For as much as China has opened itself to the outside world, and for as quickly as it has adopted an appreciation for Western commerce and Western luxuries, the average educated Chinese adult has no command of basic English and is not terribly interested in matters un-Chinese. He resides permanently in a Chinese bubble. The same, of course, could be said for a great many Americans. But we are lucky in that regard, because there is no real American bubble. Not anymore, not unless you're from Nebraska. And even then. Because the American bubble includes microbubbles: Mexican bubbles, African bubbles, Native American bubbles, Chinese bubbles and Japanese bubbles and Korean bubbles. Even the most isolated, most ignorant American is at least peripherally aware of those other bubbles. But the Chinese bubble is all China, all the time.

I don't claim to be an authority on China. Who can? But there is a palpable swagger here. I see it mostly in the young people. It's a swagger that says, we are Chinese and we don't need to be anything else. The rest of the world has wronged us for centuries - for millennia, even. What do we owe the rest of the world? I respect that swagger to a point. I respect that much of the national pride swirling around here has been earned through the sort of hard work that Americans shudder to think about. We shrink away from the sort of pride the Chinese have, because we sense - guiltily and probably correctly - that we are no longer worthy of it.
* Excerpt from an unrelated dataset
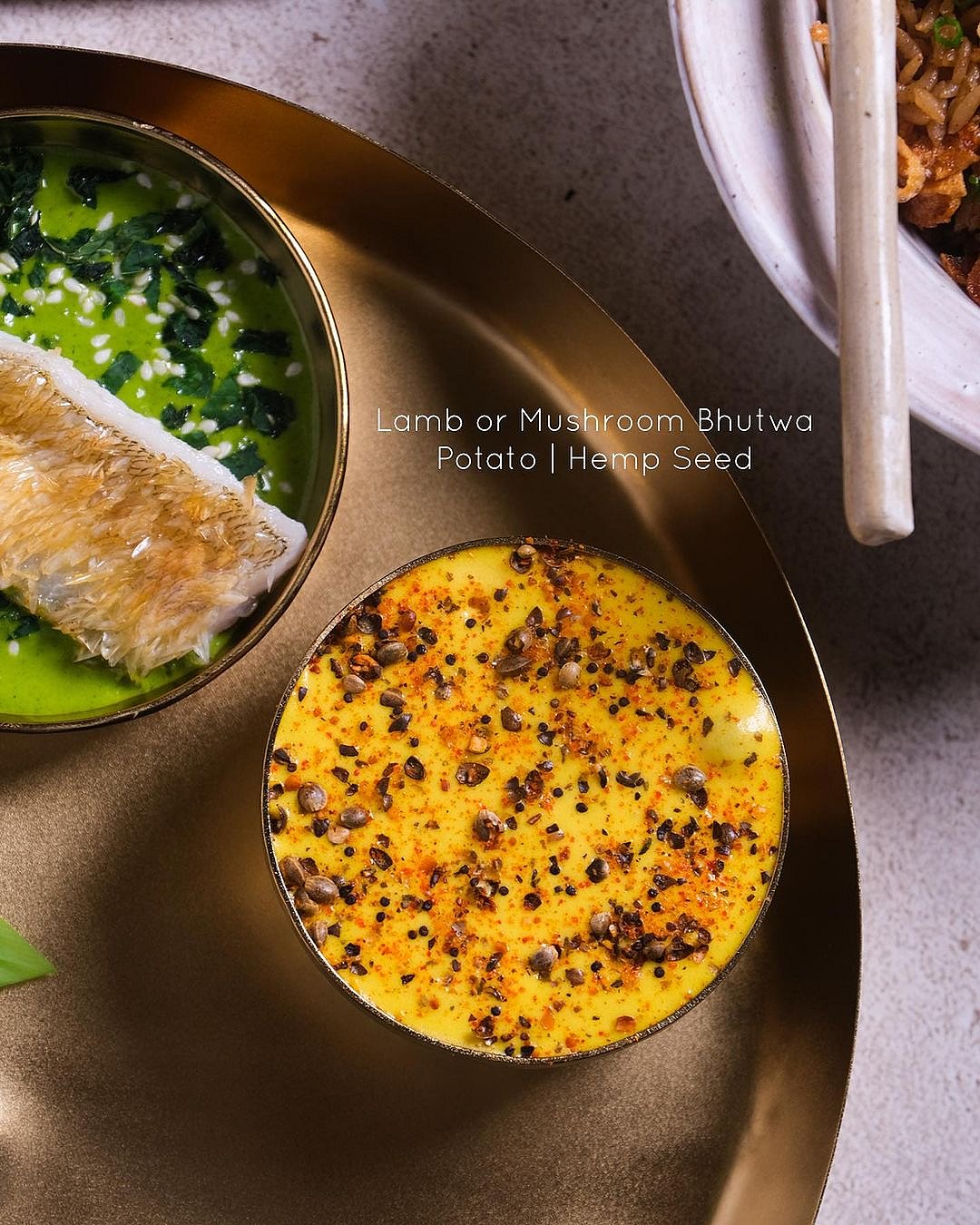 Masque aims to showcase the country’s rich produce by maximising the flavors of local ingredients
But outside of China, most of us are slowly learning a lesson that we will all have to learn eventually: that our bubble no longer exists. Or perhaps it's just the opposite. Perhaps our bubble has swollen up so huge as to swallow up all the other bubbles. The definition of an American is a human being with an American passport. The same could be said for most nations on earth. So to be an American is to be everyone, or to be no one at all, depending on how you look at it. Either way, it is a claustrophobic and at the same time isolating sensation. Above all else, it is an uncomfortable sensation. But it is one that must be lived with. That, in the end, will be the direction of things.

The Chinese are a long way away from that realization. Their bubble may have been opened to McDonald's and Apple and General Electric, but very little else has been allowed in. Exports are flying out of the bubble, but very little else is allowed out. My fear is that the more Chinese the Chinese become, the less they will feel the need to contribute to the conversation the rest of the world is having. And for better or worse, that conversation is happening in English. So perhaps my job is important, after all. But my students have never been expected to learn English. They have been mandated to memorize it. And it is my fear that the conversation the rest of the world is having - wherever that conversation takes us - is going to be misinterpreted, misunderstood, or ignored by the Chinese. By the young, China-loving college students - my students - who will inherit this country. I often worry about them. I often worry that I let them slip through my fingers. But then I pour myself a cold one and think, no: those kids slipped through a lot of fingers before they got to you.